Mas sua trajetória literária não foi fácil. Nas “notas autobiográficas” que acompanham a edição, é a própria Gilka quem conta que no primeiro concurso de poesia que ganhou, aos 14 anos, no jornal “A Imprensa”, foi logo taxada por críticos literários de “matrona imoral” pelo conteúdo dos versos (ele ganhara não só o primeiro lugar, como o segundo e o terceiro, graças aos pseudônimos que usou).
O primeiro livro, “Cristais partidos”, foi publicado aos 22 anos. Já estava casada desde os 17 com o também poeta Rodolpho Machado, que morreu precocemente. Viúva pobre, com dois filhos para criar, foi diarista na Central do Brasil e complementava a renda fazendo pensão. Foi quando, em 1933, ganhou um concurso da revista “O Malho”, que deu a ela o título de “maior poetisa do Brasil”. Com suas poesias eróticas, Gilka deixou para trás nomes como Pagu e Cecília Meireles. O escritor Mário de Andrade comentou positivamente o livro “Mulher nua”, lançado por ela em 1922 —Gilka lançaria ainda outros três volumes de inéditos, explorando temas além do erotismo, escrevendo até sobre jogadores de futebol (“Há milhões de pensamentos impulsionando vossos movimentos/Que obra de arte ou de ciência/ de sentimento ou de imaginação/ teve a penetração dos gols de Leônidas/ que, transpondo balizas e antipatias,/ souberam se insinuar no coração do mundo!”).

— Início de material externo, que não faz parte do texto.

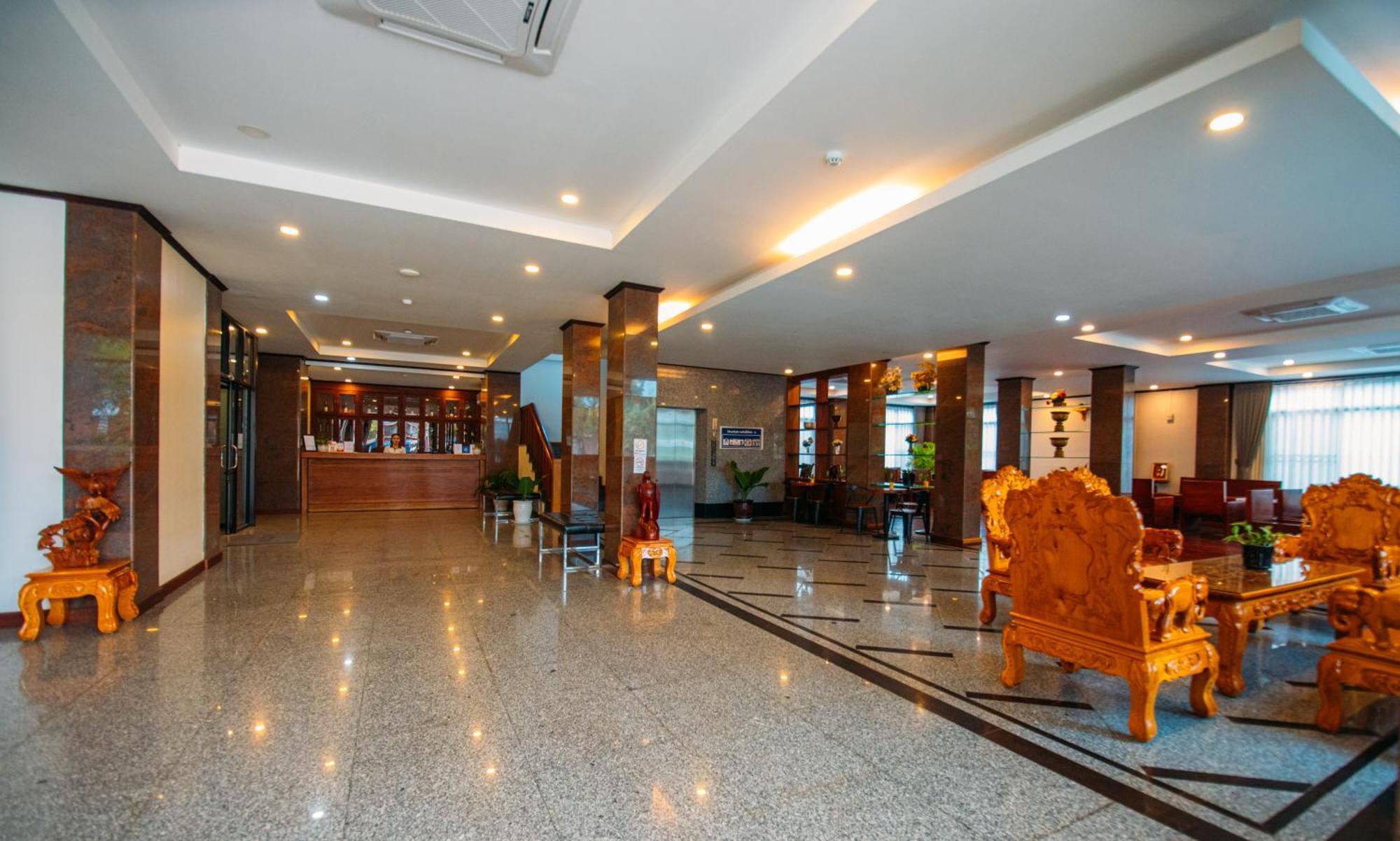 Sisombat Plaza Hotel Vang Vieng Ngoại thất bức ảnh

Desgostosa, abandonou a poesia a partir de 1938, só lançando muito esporadicamente algumas coletâneas depois (“Amei tantos a todos e a tudo que não sobrou amor para mim mesmo”, escreveu certa vez). A última, em 1968, tem o irônico nome de “Velha poesia”. “É às vésperas do Estado Novo de Getúlio que Gilka escreve, justo no momento em que são discutidos, no Brasil, a situação da mulher, seu papel cívico e seus direitos políticos”, frisa a professora da Universidade Federal de Sergipe Maria Lucia Dal Farra, que assina o prefácio da edição, lembrando que em 1910 Gilka integra as iniciativas para fundar o Partido Republicano Feminino.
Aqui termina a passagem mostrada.